Muito obrigada pelas suas palavras e pela sua amizade, tão calorosa também.

Um abraço, Mary.

Um Jeito Manso disse...

Olá Leitora,

Muito obrigada. Gosto muito de chá, bebo canecas de chá, de chá e de infusões. Ando sempre a experimentar novos sabores. Ontem à noite estava a beber maçã e canela, um sabor agradável. Agora, neste momento, estou a beber lúcia lima. Bebo sempre sem açúcar, bem quentinhos. Acho que, no outono e no inverno, nada melhor para acompanhar a leitura, a escrita, a conversa.

Quando estou a escrever, penso muito em quem me lê e gostaria de poder servir um chá.

Já lhe deixei lá escrito, n'A Matéria dos Livros que me deixou interessada pelo livro do José Riço Direitinho.

Uma boa semana, Leitora, e que a boa disposição e o bem estar físico tenham vindo para ficar!

Um Jeito Manso disse...

Olá Isabel,

Lá in heaven, depois de uma noite de borrasca, o dia amanheceu azul, ensolarado. Mas ventoso, com muito frio. Mas no campo a vida é sempre muito feliz, muito boa.

E depois, ao fim da tarde, estive na casa dos meus pais e comi umas belas castanhas assadas, salgadinhas, estaladiças, quentinhas, mesmo boas, mesmo a calhar num dia com o sol de S. Martinho.

Uma boa semana, Isabel, e um beijinho.

Um Jeito Manso disse...

Olá MCP,

Desde pequena que gostei muito de viver à solta, no campo, na rua, e também à beira de água (pois nasci numa cidade com um grande rio e com praias).

Ainda hoje me divido.
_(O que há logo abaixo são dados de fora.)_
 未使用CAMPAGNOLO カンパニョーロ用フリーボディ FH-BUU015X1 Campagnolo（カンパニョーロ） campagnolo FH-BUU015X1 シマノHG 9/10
Preciso de andar junto à água e, sempre que posso, ando à beira rio, e preciso, depois de me enfiar, sossegada, no campo.

Lá, in heaven, no meio das minhas pedras e árvores, sinto-me muito bem. Esteja o tempo que estiver, eu gosto de lá estar. Se está frio como hoje, gosto de estar na sala a receber o sol que bate na porta (de vidro) e aquece o sítio onde me sento, ou gosto de estar junto da salamandra, sentir o calorzinho tão bom. E depois ando lá fora, de máquina fotográfica a tirar fotografias a coisas que já fotografei mil vezes, as folhas caídas, as bagas vermelhas da piracanta, a cinza da salamandra que deito junto a uma árvore e se mistura com o musgo. Tudo me parece bonito. O meu marido diz que sou maluca.

Um beijinho, MCP. Desejo-lhe uma boa semana.

Um Jeito Manso disse...

Olá jrd,

Sabe lá o que foi aquilo ontem com a net. E quando vai abaixo, faz aquele som enervante, um toque que eu já nem conseguia ouvir. Eu ligava e caía logo a seguir. E depois ficava a pastelar, nem para a frente, nem para trás e já era eu que a deitava abaixo a ver se, depois, já 'pegava' melhor.

Eu ontem, lá, também não tinha gatos nem cães. Até há algum tempo, tinha a minha amiguinha, carinhosa e alegre, a boxer que viveu connosco durante 13 anos. Agora já não a temos connosco. E há lá gatos, sim, mas são vadios, andam lá por fora, aparecem e desaparecem quando querem. Por vezes ouço passos no telhado e fico com um bocado de medo mas depois percebo que deve ser algum gato.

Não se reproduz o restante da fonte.